The Hot And Cold Of Balanced Audio

A few summers of my misspent youth found me working at an outdoor concert venue on the local crew. The local crew helps the show’s technicians — don’t call them roadies; they hate that — put up the show. You unpack the trucks, put up the lights, fly the sound system, help run the show, and put it all back in the trucks at the end. It was grueling work, but a lot of fun, and I got to meet people with names like “Mister Dog Vomit.”

One of the things I most remember about the load-in process was running the snakes. The snakes are fat bundles of cables, one for audio and one for lighting, that run from the stage to the consoles out in the house. The bigger the snakes, the bigger the show. It always impressed me that the audio snake, something like 50 yards long, was able to carry all those low-level signals without picking up interference from the AC thrumming through the lighting snake running right alongside it, while my stereo at home would pick up hum from the three-foot long RCA cable between the turntable and the preamp.

I asked one of the audio techs about that during one show, and he held up the end of the snake where all the cables break out into separate connectors. The chunky silver plugs clinked together as he gave his two-word answer before going back to patching in the console: “Balanced audio.”

Differences Balance

I didn’t really know what balanced audio was back then, at least from an electrical point of view. I’ve since learned what the difference between balanced and unbalanced audio is and why balanced audio is the way to go for pro audio applications.

The first and most obvious difference between balanced and unbalanced audio is that while an unbalanced line, like that RCA cable behind my stereo, has two conductors — signal and ground — a balanced line has three conductors. A clue to what’s going on lies in how the conductors are labeled. There’s a ground conductor, of course, as well as two input conductors, generally labeled “IN+” and “IN-” but often referred to as “hot” and “cold” respectively.

Differential amp in a balanced audio circuit.

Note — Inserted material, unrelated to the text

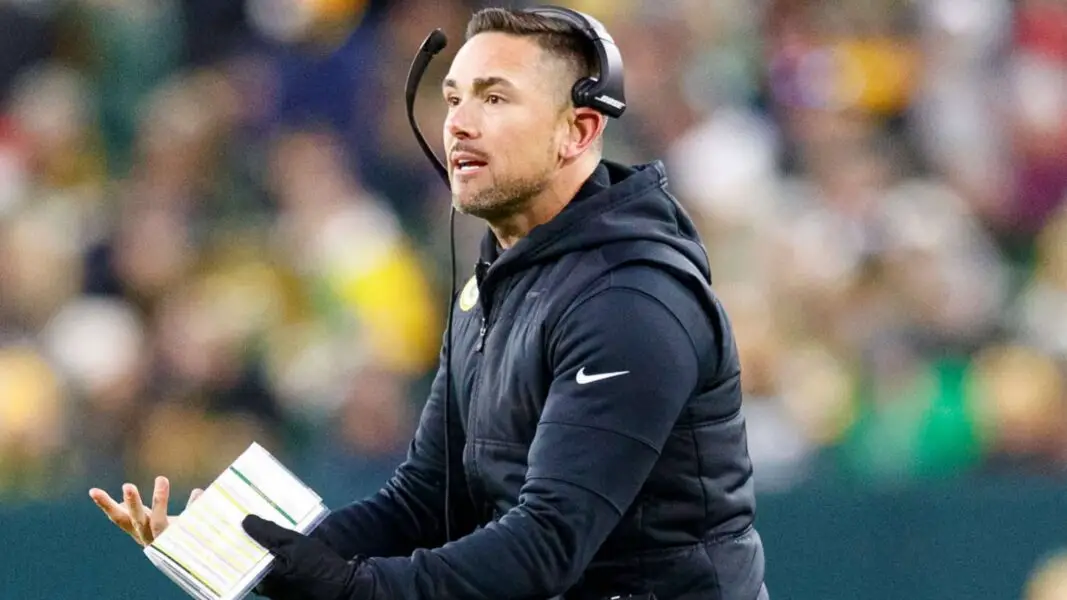 Nov 28, 2021; Green Bay, Wisconsin, USA; Green Bay Packers head coach Matt LaFleur reacts to a call during the second quarter against the Los Angeles Rams at Lambeau Field. Mandatory Credit: Jeff Hanisch-Imagn Images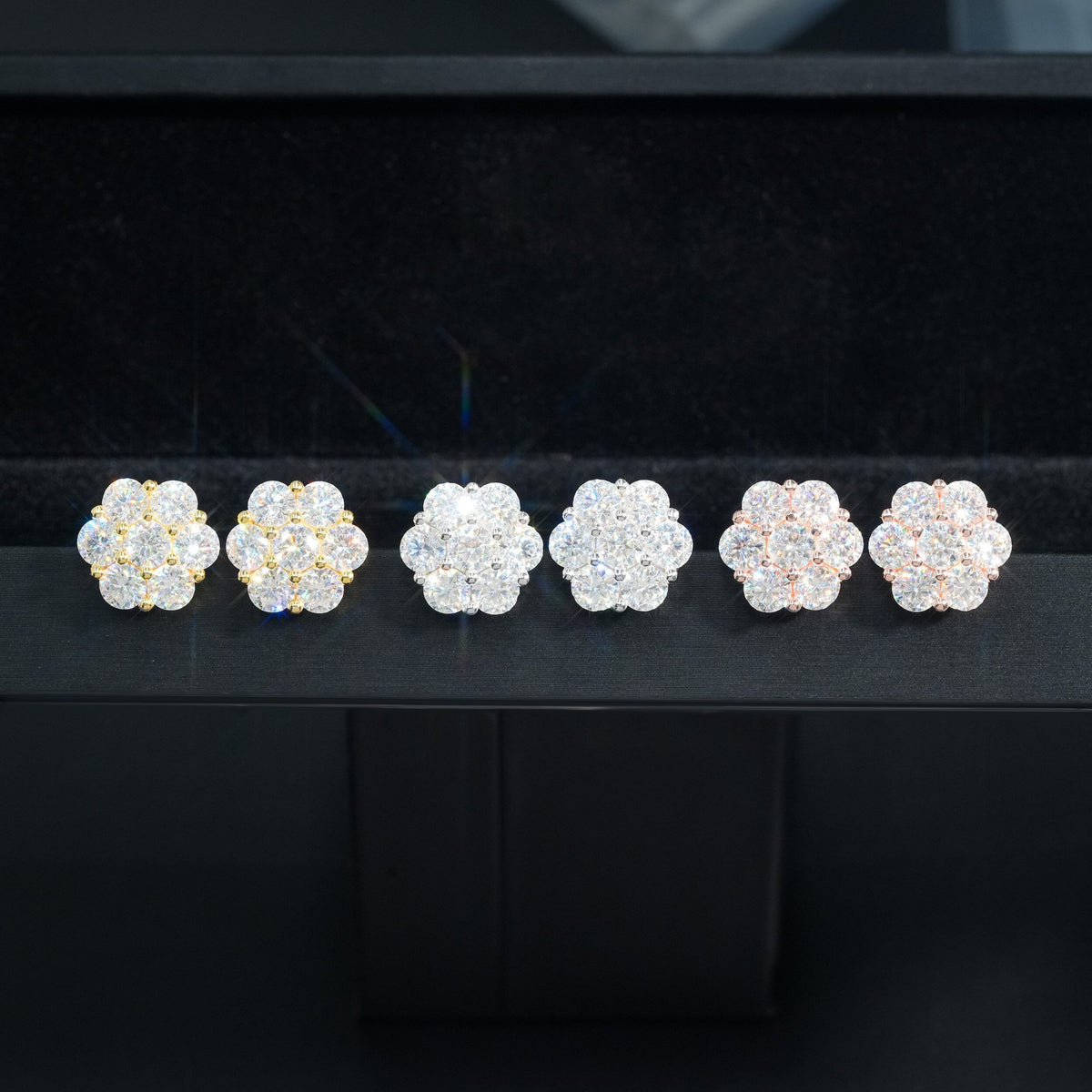 Yellow gold iced out flower 7-stone cluster moissanite stud earrings showing front setting and screw back post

Source: PreSonus

These two wires carry audio signals that are identical except for polarity — the cold line carries an inverted version of the signal on the hot line. This looks like the perfect setup for a differential amp, and that’s typically what lies behind the jack on pro audio gear, although transformers are sometimes used instead. The differential amplifier outputs the difference between the hot and cold signals, which gives the audio signal amplified by a factor of two.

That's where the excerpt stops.